Igiorno dei funerali, gli studenti scesero in piazza Tienanmen, chiedendo di incontrare il Primo ministro Li Peng, perché ascoltasse le loro richieste di riforma e di apertura del paese. I media e i leader cinesi ignorarono i giovani, che risposero proclamando prima una protesta generale delle Università, e poi uno sciopero della fame.
Al movimento studentesco piano piano si aggiunse una grandissima quantità di gente di ogni tipo, dagli operai agli intellettuali ai contadini. Se da una parte questo mette in luce quanto il popolo cinese fosse unito dal desiderio di ottenere maggiori libertà e diritti, dall’altra fa capire quanto al suo interno questo movimento fosse poco organizzato e diviso.
I media cinesi fecero di tutto per dipingere gli studenti e i loro sostenitori come dei rivoltosi pericolosi per l’ordine sociale. Questo determinò un inasprirsi di posizioni sia da una parte che dall’altra e spianò la strada al terribile epilogo del 4 giugno.
4/6/1989 – il giorno nero
La notte del 3 giugno l’esercito ricevette l’ordine di muovere verso la piazza e di sgomberarla. I soldati incontrarono lungo la strada una resistenza accanita, e per farsi strada aprirono il fuoco, indiscriminatamente.
Mitragliatrici, gas lacrimogeni, carri armati: non risparmiarono alcun mezzo. La folla, composta da comuni cittadini, non aveva né armi né nient’altro che potesse fungere loro da difesa. Fu un massacro. A tutt’oggi il numero di vittime tra morti, feriti e prigionieri rimane incerto. Alle 5:40 del 4 giugno Piazza Tienanmen era stata sgomberata.
Pechino è in coma – la trama
Il racconto si svolge su due piani temporali. Il primo è il presente del protagonista Dai Wei, nonché voce narrante dei fatti. Il giovane si trova in coma, immobilizzato sul suo letto ma in grado di percepire ciò che succede attorno a lui. Dai Wei ha riportato una grave ferita alla testa durante la notte del 4 giugno che lo ha confinato in quello stato di morto vivente. Non gli resta altro da fare se non ripercorrere all’indietro la propria vita.

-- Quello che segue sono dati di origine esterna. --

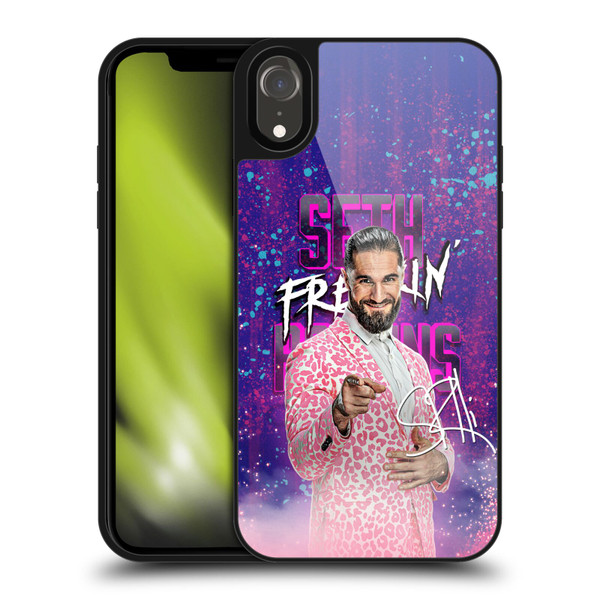 WWE Seth Rollins Seth Freakin' Rollins Gel Armour Case For Apple iPhone XR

Ed è questo il secondo piano temporale, il passato del ragazzo. Partendo da un’infanzia già segnata dalla politica dittatoriale della Cina, con il confino del padre nei campi di prigionia in quanto bollato come “destroide”, i ricordi di Dai Wei dispiegano davanti al lettore immagini di un paese anche lui in stato comatoso, incapace di reagire ai soprusi e alle ingiustizie che ogni giorno subisce dalla classe al potere. Paralizzate dalla paura, le persone si muovono in una società che ha dell’allucinante, tradendosi a vicenda pur di apparire degni del Partito e della Repubblica.
Ma non c’è solo politica, anzi. Gli studenti, i compagni, gli amici di Dai Wei sono presenze più che mai vive che il lettore segue trattenendo il respiro. È un’opera magistrale, un affresco incredibile di veridicità e di sentimenti, di politica e di intrecci di vite.
Conclusioni
Si potrebbe continuare a parlare all’infinito di Pechino è in coma, davvero. Offre talmente tanti spunti di riflessione che si potrebbe benissimo scriverci una tesi di laurea. Qui però si parla di libri, quindi ridimensioniamoci. Non fatevi ingannare dalla mole o dall’argomento: è una lettura che chiunque può fare, sul serio. L’autore è stato capace di prendere qualcosa di gigantesco, di sconvolgente, di schiacciante e di renderlo alla portata di tutti. Così che tutti possano leggere, sapere, ricordare.